Florida’s largest electric utility is asking the state for permission to buy a coal-fired power plant it had been buying electricity from for 27 years.
Florida Power & Light Company (FPL) petitioned the Florida Public Service Commission (PSC) Friday for approval to acquire the power plant it has contracted with since 1988 to purchase power.
Cedar Bay Generating Plant is a 250-megawatt coal-fired facility located in Jacksonville. If approved, FPL will end the contract, reducing the plant’s operations by 90% as the first step to phasing the plant out of service.
This plan will save FPL customers an estimated $70 million, as well as reducing carbon dioxide emissions by nearly 1 million tons annually.

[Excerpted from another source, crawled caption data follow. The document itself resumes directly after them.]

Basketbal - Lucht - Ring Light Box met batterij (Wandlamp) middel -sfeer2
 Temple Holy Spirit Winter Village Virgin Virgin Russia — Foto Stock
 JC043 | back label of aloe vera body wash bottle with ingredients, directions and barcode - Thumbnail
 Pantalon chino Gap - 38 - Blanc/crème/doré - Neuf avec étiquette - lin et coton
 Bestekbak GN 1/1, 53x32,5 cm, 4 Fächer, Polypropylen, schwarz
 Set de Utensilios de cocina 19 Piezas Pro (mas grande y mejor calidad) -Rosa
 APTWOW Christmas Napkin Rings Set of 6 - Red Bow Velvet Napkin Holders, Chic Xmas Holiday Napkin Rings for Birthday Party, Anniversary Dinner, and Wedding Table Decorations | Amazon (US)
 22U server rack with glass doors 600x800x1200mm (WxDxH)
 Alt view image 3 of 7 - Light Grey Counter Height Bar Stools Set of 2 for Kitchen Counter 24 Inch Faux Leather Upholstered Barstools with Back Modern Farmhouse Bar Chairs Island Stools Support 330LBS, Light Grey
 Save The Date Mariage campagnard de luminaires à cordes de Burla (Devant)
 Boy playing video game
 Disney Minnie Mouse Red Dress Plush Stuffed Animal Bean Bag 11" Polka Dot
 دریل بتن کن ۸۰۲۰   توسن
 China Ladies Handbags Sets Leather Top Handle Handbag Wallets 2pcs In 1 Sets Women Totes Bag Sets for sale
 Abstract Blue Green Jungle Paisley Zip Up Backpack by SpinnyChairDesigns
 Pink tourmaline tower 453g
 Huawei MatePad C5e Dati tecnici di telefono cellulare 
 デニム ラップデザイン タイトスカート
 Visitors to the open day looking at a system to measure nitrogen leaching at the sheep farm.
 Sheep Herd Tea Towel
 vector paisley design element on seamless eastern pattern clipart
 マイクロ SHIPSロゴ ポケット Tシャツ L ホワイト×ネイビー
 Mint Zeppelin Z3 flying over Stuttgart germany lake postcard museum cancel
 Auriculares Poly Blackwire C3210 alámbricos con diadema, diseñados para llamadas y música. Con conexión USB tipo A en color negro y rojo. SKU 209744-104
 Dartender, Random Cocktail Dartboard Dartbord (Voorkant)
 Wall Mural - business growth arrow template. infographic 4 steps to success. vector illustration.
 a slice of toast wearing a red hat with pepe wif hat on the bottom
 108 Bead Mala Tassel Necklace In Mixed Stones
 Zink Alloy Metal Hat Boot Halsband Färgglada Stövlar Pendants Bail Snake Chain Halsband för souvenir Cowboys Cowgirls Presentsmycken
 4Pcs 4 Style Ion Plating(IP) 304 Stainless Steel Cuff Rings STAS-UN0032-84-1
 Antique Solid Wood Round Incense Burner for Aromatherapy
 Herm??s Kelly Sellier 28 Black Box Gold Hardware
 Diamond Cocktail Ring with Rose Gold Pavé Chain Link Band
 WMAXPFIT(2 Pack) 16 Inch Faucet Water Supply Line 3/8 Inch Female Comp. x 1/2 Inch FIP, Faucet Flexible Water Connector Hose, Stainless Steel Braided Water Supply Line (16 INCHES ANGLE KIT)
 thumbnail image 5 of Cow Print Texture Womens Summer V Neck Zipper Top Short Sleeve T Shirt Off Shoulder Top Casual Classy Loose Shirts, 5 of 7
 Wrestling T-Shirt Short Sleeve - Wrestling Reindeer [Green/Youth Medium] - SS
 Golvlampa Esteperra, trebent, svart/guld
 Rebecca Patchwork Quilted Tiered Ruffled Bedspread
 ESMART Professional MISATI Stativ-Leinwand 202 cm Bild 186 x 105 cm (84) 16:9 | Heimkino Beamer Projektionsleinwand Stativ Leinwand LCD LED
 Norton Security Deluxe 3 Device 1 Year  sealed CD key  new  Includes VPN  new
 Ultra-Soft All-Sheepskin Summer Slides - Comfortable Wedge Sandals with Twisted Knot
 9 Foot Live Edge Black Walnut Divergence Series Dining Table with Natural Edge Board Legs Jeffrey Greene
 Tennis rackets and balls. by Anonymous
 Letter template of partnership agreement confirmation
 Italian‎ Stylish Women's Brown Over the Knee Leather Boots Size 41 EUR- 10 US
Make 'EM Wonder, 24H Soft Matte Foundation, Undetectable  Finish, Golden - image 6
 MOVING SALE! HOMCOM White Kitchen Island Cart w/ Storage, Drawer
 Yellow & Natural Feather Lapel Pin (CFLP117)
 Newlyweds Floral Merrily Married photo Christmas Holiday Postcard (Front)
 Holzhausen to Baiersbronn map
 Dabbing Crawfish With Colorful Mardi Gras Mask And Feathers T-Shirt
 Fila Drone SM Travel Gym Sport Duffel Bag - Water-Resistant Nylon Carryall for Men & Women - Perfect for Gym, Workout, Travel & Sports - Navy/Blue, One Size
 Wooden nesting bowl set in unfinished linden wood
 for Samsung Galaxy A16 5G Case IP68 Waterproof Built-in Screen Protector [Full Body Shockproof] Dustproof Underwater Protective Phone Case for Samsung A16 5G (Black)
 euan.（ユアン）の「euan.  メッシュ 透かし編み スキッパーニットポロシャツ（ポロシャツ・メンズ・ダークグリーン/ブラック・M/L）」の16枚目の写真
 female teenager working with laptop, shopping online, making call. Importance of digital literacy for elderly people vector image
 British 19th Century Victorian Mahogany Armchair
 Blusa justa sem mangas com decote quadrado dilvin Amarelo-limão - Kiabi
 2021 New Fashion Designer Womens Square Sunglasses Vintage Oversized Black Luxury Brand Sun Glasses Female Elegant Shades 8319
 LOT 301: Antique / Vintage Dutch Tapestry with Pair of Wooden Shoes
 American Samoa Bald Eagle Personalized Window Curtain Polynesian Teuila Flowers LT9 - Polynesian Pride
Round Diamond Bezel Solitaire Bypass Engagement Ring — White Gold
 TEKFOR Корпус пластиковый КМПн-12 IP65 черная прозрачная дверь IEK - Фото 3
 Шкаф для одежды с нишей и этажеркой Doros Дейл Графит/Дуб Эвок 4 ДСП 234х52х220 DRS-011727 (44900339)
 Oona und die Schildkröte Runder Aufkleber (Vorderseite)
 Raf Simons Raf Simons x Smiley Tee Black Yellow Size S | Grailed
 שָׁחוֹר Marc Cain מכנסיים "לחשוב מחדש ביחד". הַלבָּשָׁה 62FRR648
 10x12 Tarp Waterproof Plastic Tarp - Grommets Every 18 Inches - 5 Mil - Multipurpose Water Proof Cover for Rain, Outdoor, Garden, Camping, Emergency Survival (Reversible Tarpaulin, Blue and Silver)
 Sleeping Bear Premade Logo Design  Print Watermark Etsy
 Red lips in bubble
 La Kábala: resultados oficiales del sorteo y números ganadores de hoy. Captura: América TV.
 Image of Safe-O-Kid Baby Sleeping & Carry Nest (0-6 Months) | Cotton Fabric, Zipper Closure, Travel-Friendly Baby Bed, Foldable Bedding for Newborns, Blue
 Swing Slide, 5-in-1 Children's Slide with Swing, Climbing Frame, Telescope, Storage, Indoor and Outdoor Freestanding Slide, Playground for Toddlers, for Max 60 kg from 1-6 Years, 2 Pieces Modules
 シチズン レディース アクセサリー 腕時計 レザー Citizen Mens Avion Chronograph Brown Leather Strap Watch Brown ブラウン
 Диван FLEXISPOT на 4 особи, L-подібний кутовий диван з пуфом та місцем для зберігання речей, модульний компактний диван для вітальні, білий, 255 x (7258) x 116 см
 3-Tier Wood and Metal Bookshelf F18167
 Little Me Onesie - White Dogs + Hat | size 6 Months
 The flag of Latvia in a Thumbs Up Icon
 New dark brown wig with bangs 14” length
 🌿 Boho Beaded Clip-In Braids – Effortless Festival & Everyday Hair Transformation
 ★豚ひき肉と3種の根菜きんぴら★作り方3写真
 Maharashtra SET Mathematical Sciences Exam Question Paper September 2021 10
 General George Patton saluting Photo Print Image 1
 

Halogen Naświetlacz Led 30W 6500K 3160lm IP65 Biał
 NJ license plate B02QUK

In a prepared statement, FPL CEO Eric Silagy said that the original plan to buy electricity from the plant made sense at one time, but times have changed. FPL has invested billions of dollars to improve efficiency, he said, as well as reduce fuel consumption, prevent emissions, and cut costs to its 4.7 million customers.
“Now we’re in a position to take ownership of the facility and effectively buy out an outmoded contract with the goal of ultimately phasing the plant out of service,” Silagy said, “which will mean reduced carbon emissions and millions of dollars in savings for our customers.”
The Nature Conservancy Florida chapter applauded FPL’s proposal, which executive director Temperince Morgan calls an “innovative approach to promote energy solutions that will help reduce emissions in Florida.”
In 1988, the PSC approved a long-term power-purchase agreement between FPL and Cedar Bay Generating Co., which is the direct owner of the Cedar Bay plant. Terms of the contract were based on power costs at the time. Today, FPL can reduce electricity at much lower costs.
Although Cedar Bay runs well, it emits high rates of CO2 compared with FPL’s current facilities, with an overall CO2 emissions rate lower than the national average.
The existing agreement totaled more than $120 million a year, with annual increases through 2024. In the filing, FPL plans to purchase CBAS Power Inc., the indirect owner of the plant, from CBAS Power Holdings for $520.5 million and terminate the current contract.
The U.S. Environmental Protection Agency calculates closing the plant would reduce carbon emissions equivalent to 100 million gallons of gasoline or switching more than 23 million incandescent light bulbs to energy-efficient compact fluorescent lights every year.
FPL is requesting PSC approval of the purchase by July 31 and expects to shutter the Cedar Bay plant permanently within the next two to three years.